Processing duplication workflow

The Processing Duplication Workflow is a Relativity application that identifies primary and duplicate documents, all custodians, and all source files for documents. It also provides capabilities to identify unique, primary and duplicate files based on a relational field.

Before you begin

Supported versions

Note: Some versions of this application may not be eligible for support by Customer Support. For more information, see the Version support policy.

Click the following link to access the solution files.

Solution version Supported Relativity version
2022.1.7 All supported versions of Relativity.

Note: You must have valid Relativity Community credentials in order to download any Community file linked to the documentation site. You'll need to enter those credentials on the Community login screen if you're not already logged in. If you're already logged in to the Community at the time you click a link, the file is automatically downloaded in the bottom left corner of your screen. If you get an error message stating "URL No Longer Exists" after clicking a Community link, it may be due to a single sign-on error related to the SAML Assertion Validator, and you should contact your IT department.

Components

This custom solution consists of the following components:

  • Relativity application
  • Relativity scripts that run at the workspace level within a script group

Considerations

  • This script should only be run by a system admin. If you are not a system admin, we recommend you do not run this script.
  • The solution may require you to create fields in your environment.
    • The All Source Locations and All Custodians scripts require a new field to store the output of running those scripts.
    • Please see Update Duplicate Status script for detailed information about corresponding fields that need to be created.
  • You have the option of tagging a document as Responsive and then propagating that value to the document’s family members. For more information, see Applying propagation to documents.

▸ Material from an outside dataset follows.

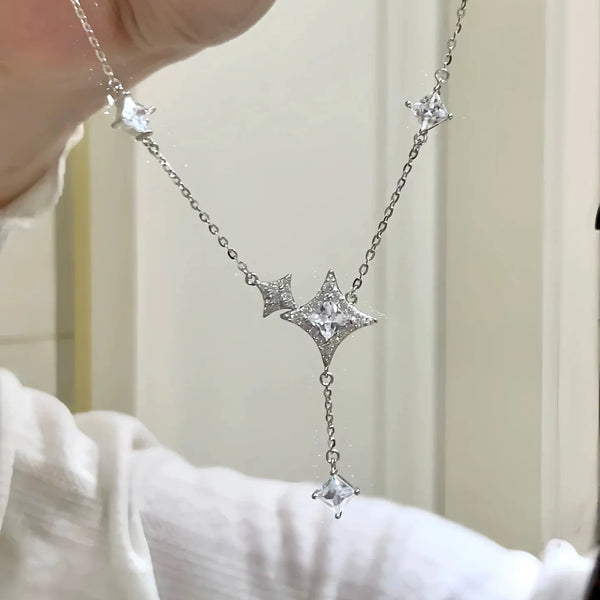 Four-Pointed Star Pure Silver Necklace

Deploying and configuring the solution

To deploy and configure the solution, add it to the Application Library as a Relativity application by following these steps:

  1. Log in to Relativity.
  2. Navigate to the kCura Admin tab, and then click the Application Library sub-tab.
  3. Click on the Upload Application button.
  4. Next to Application File, click Select File.
  5. Navigate to and select the Processing Duplication Workflow.rap file included in the solution, and then click Open.
  6. Click the Save button.

Preparing the workspace

After you add the solution to the Application Library, you're ready to install and configure it to a workspace by following these steps:

  1. Navigate to the kCura Admin tab, and then click the Application Library sub-tab.
  2. Click the name of the Processing Duplication Workflow application.
  3. Next to Workspaces Installed, click Select.
  4. Select the check box next to the workspace that you want to install the solution in. To install the solution in more than one workspace, select the check box next to each additional workspace that you want. Move the selected workspaces to the column on the right.
  5. Click Apply.
  6. The Workspaces Installed category displays the progress of the installation.

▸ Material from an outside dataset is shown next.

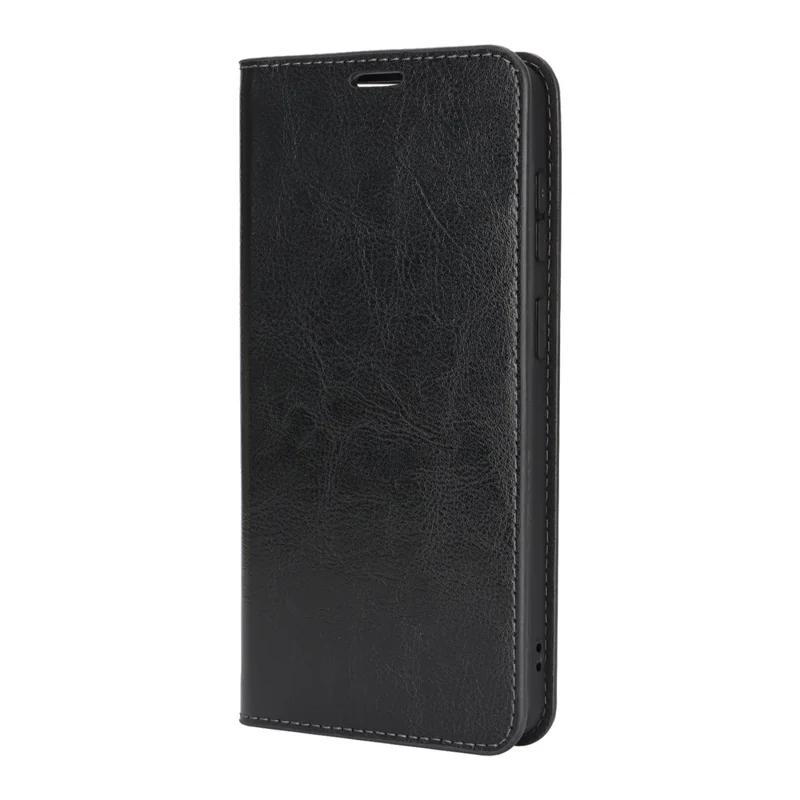 غطاء لهاتف سامسونج جالاكسي S26 إيدج بتصميم جلد خيول مقلوبة ومحفظة من جلد البقر - أسود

Note: The Processing Scripts tab will be put under Other tabs.

Running the solution

After you install and configure the solution to a workspace, the Processing Item Level Scripts and Processing Family Scripts sub-tabs become available under the Processing Duplication Workflow tab and contain three Relativity scripts within a script group:

  1. All Custodians script (Item Level)
  2. All Source Locations script (Item Level)
  3. Update Duplicate Status script (Item Level)
  4. All Custodians script (Family Level)
  5. All Source Locations script (Family Level)
  6. Update Duplicate Status script (Family Level)

When choosing which script to run, keep in mind the group of documents you wish to run your script on. For example, to find which families of documents are duplicates, execute the Update Duplicate Status script (Family Level) script. To find any duplicate in your dataset regardless of family, execute the All Custodians script (Item Level).

All Custodians (Item Level) script

The All Custodians (Item Level) script populates a field with the names of all custodians who own a document. To run the All Custodians (Item Level) script: 

  1. Navigate to the Processing Item Level Scripts sub-tab.
  2. The Processing Item Level Scripts page appears. Select the radio button next to All Custodians (Item Level).

    Script 1: All Custodians (Item Level)

  3. Complete the following fields: 
    • Saved Search—Required. Select the saved search which will contain the group of documents the script will be executed against. This should include all files you wish to run the script against regardless of family relationships. This is because the script will run on each document independently of one another.
    • Duplicate Hash Field—Required. Select the relational field which defines groups of duplicate documents. For example, MD5, SHA1, or Processing Duplication Hash.
    • Custodian—Required. Select the Custodian object that contains your custodian information.
    • Custodian Field—Required. Select the field that contains the custodian name.
    • Destination (output)—Required. Select the long text field to store the semi-colon delimited list of custodians.
    • Batch Size—this field is optional and is the number of files in a saved search batch. Leave this field blank to use the default value of 50,000 or enter a value below 50,000 to increase the script execution speed.
  4. Click Run.

All Source Locations (Item Level) script

The All Source Locations (Item Level) script identifies all source locations for a duplicate document. To run the All Source Locations (Item Level) script:

  1. Navigate to the Processing scripts (Item Level) sub-tab.
  2. The Processing Item Level Scripts page appears. Select the radio button next to All Source Locations (Item Level).

    Script 2: All Source Locations (Item Level)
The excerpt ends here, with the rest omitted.